Measuring Social Biases in Masked Language Models by Proxy of Prediction
Quality
- URL: http://arxiv.org/abs/2402.13954v1
- Date: Wed, 21 Feb 2024 17:33:13 GMT
- Title: Measuring Social Biases in Masked Language Models by Proxy of Prediction
Quality
- Authors: Rahul Zalkikar, Kanchan Chandra
- Abstract summary: Social political scientists often aim to discover and measure distinct biases from text data representations (embeddings)
In this paper, we evaluate the social biases encoded by transformers trained with a masked language modeling objective.
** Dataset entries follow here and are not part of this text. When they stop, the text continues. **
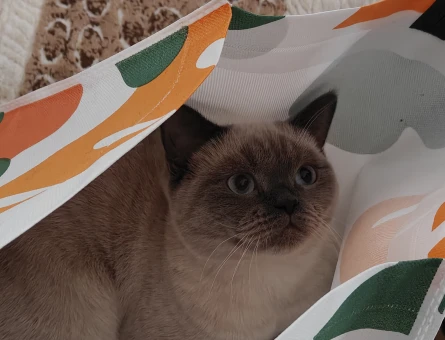 British shorthair 11 Aylık Eş Arıyor - 118976961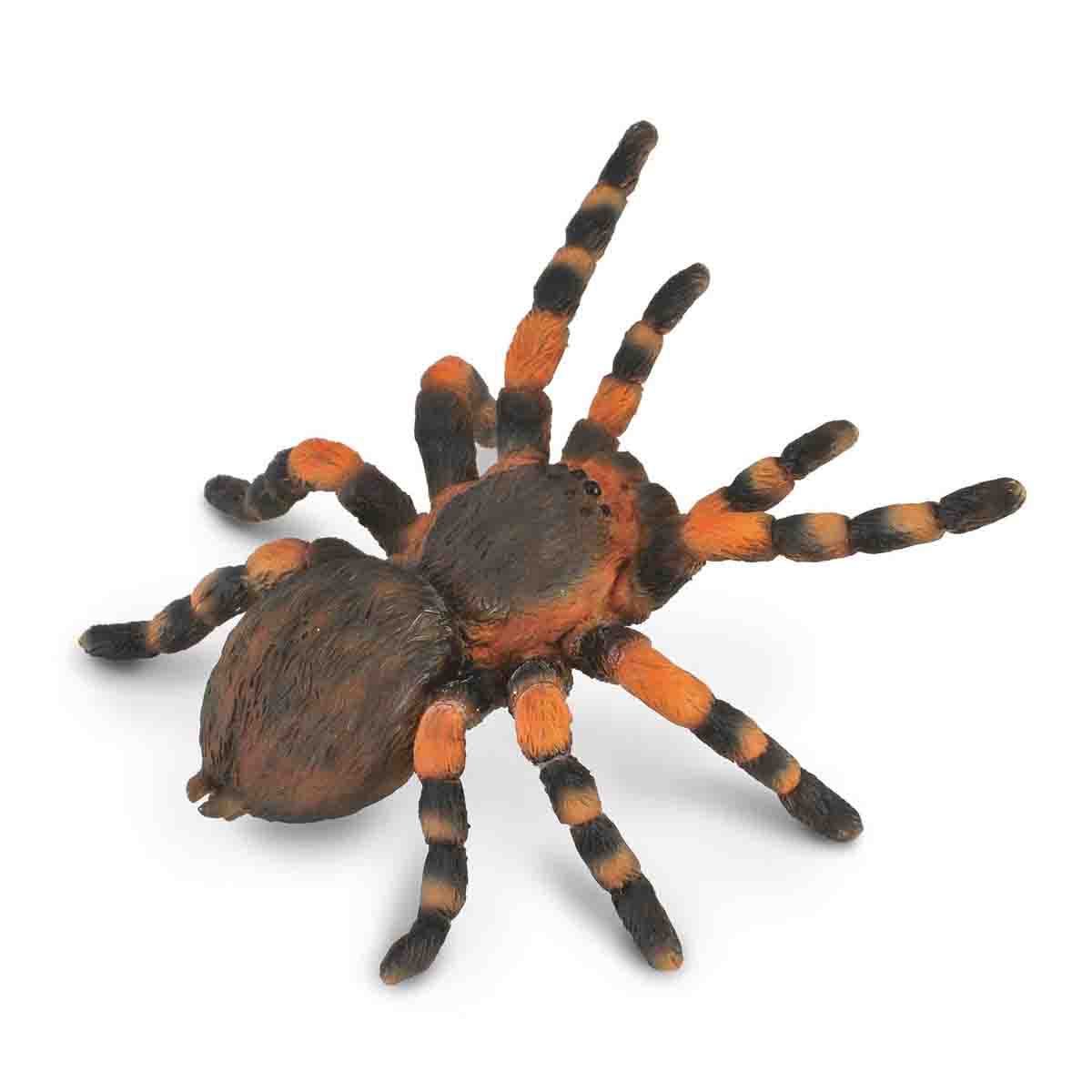 mo-hinh-dong-vat-nhen-tarantula-mexico-bo-cap-vang-collecta-89607-02
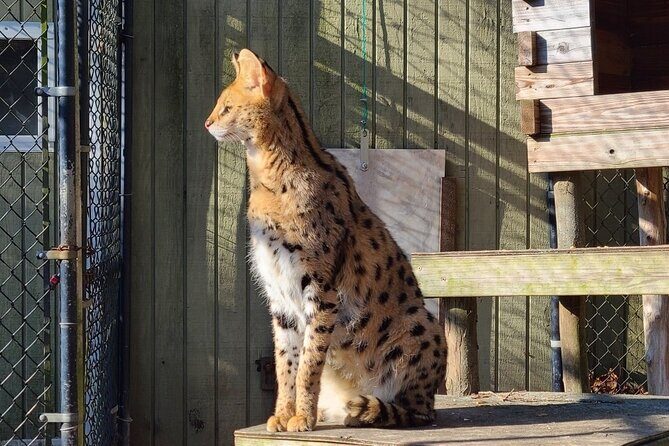 Long Island Farm & Vanderbilt Planetarium Tour | Kids 50% Off - FAQ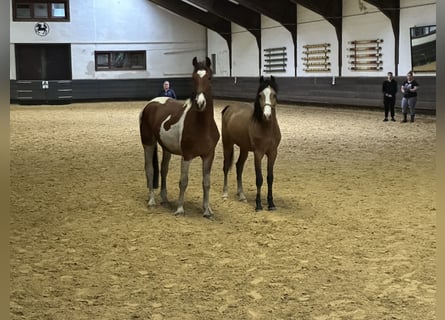 Barockpinto, Hengst, 2 Jahre, Schecke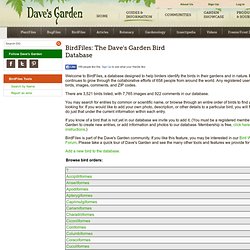 BirdFiles - Bird Identification Guide with Bird Pictures - Dave's Garden
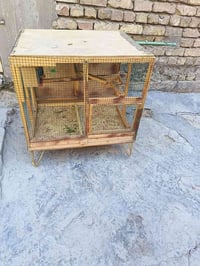 قفص • مدينة الصدر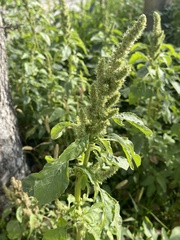 Amaranthus retroflexus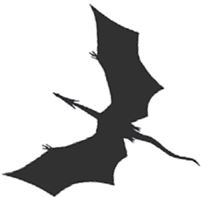 Иллюстрация к книге — Темнота драконов [i_034.jpg]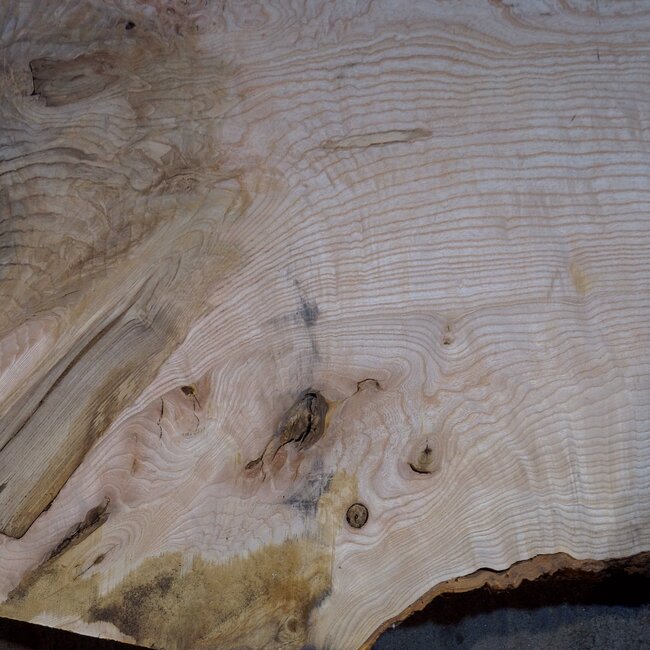 Esche Maser Tischplatte, ca. 2600 x 1000/1000/780 x 40-48 mm, 13515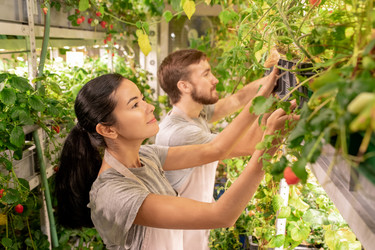 Similar image 20828056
We find that proposed measures produce more accurate estimations of relative preference for biased sentences between transformers than others based on our methods.
- Score: 0.0
- License: http://creativecommons.org/licenses/by/4.0/
- Abstract: Social and political scientists often aim to discover and measure distinct
biases from text data representations (embeddings). Innovative
transformer-based language models produce contextually-aware token embeddings
and have achieved state-of-the-art performance for a variety of natural
language tasks, but have been shown to encode unwanted biases for downstream
applications. In this paper, we evaluate the social biases encoded by
transformers trained with the masked language modeling objective using proposed
proxy functions within an iterative masking experiment to measure the quality
of transformer models' predictions, and assess the preference of MLMs towards
disadvantaged and advantaged groups. We compare bias estimations with those
produced by other evaluation methods using two benchmark datasets, finding
relatively high religious and disability biases across considered MLMs and low
gender bias in one dataset relative to the other. Our measures outperform
others in their agreement with human annotators. We extend on previous work by
evaluating social biases introduced after re-training an MLM under the masked
language modeling objective (w.r.t. the model's pre-trained base), and find
that proposed measures produce more accurate estimations of relative preference
for biased sentences between transformers than others based on our methods.